RK: I have a joke I always say, “I don’t get paid to do the gig, I get paid to do the travel.” If your playing music that you love and your excited about what you are doing then that is great. The thing that is really hard to get excited about is sitting on an airplane for eleven hours or sitting on a bus. Being transported in general is not so fun. The gig part of it all is great, but the part that can be brutal for a musician is the travel.
CR: Where would you say most of your inspiration comes from? Does it come from being at home with friends and family, or does it come from your time on the road traveling?
RK: It is definitely a balance between the two, because when you are home for too long you start to get a little crazy. As a musician if you are not in the studio creating music or touring then what are you doing? I have been out of the music scene for a little while, but I’m ready to go back. One thing I love about the way I tour is I do it in pockets. I know it doesn’t really make sense for a lot of bigger organizations, but for me it really works great. I can go out in the United States for five weeks and then I can come home for a couple weeks to recharge. I’ll head out to South America for a few months and then come back. That way I can keep a nice balance. I don’t forget who I am.
CR: To segway this more into a travel sense when you are looking for a getaway, are you looking for a beach, a new city, the mountains, or something completely different all together?
RK: What’s interesting is I kind of live in a vacation spot. I’ve lived in Los Angeles for more than half my life, even though I am from the Philly area. I’ve been Californized if you will. So, California is a vacation state in a lot of ways, but I recently moved out to the mountains. I’m also very close to the beach, so in a strange way where I live is almost like a vacation-type place.

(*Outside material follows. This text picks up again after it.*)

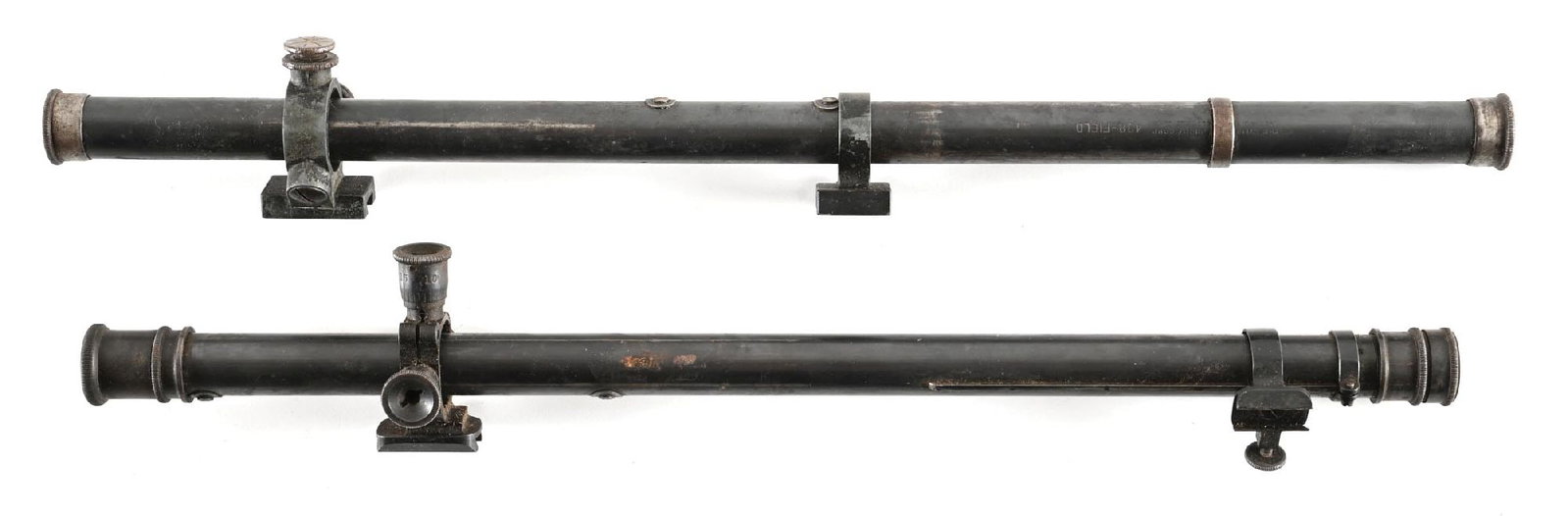 LOT OF 2 PRE-WAR LYMAN 3/4" TUBE RIFLE SCOPES.: This lot consists of a 5A Model as well as a Model 438 Field. (A) 16" long 3/4" tube scope and stamped with the Lyman 5A model designation. Adjustable rear mount. Finish is standard blue, crosshair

Another thing is I get so beat up by the travel that the thought of standing in lines or getting back on a plane puts me in the worst possible mind set. So, I haven’t been able to take a proper vacation, because I have been avoiding the travel. Of course this is a different story when I have not toured or done much over the course of a year or so. I don’t mind it so much. In general though, I would say that I am more of a beach oriented person. I love the ocean and i love that kind of surrounding. I love the mountains as well, so I really like where I live. I feel like I have the best of both worlds.
CR: When you are traveling, whether it be for vacation or music, what are some of the first things you like to do when you touch down in a new location?
RK: It really depends where I’m coming from. Sometimes when we arrive and are coming off a long [flight] or dealing with a time change we stumble up to the hotel room and just rest. Of course there are other times where we go to our rooms, drop our bags, meet in the lobby and just adventure around. Old Town Prague is a great place to go out, explore and walk around. There are so many interesting things to see and people to meet there. You especially want to go there if you like puppets. It’s a thing over other. Verona is another great spot we have had a lot of fun in. It’s a place I cannot wait to go back too. I have some friends out there and have played out there. It’s just a place I have grown to love.
CR: That sounds wonderful. Definitely places I would one day like to visit! Being a well traveled and cultured person, do you have a bucket list of places you would eventually like to visit?
RK: I have always wanted to preform in Australia. I’m finally getting to go and do that this year actually. Having never been I’m very excited. I’ve also never been to Alaska, that’s a place I would definitely like to visit. It’s like another world there, just so isolated. Everything is different from the way I live. I feel like it would be a really cool experience.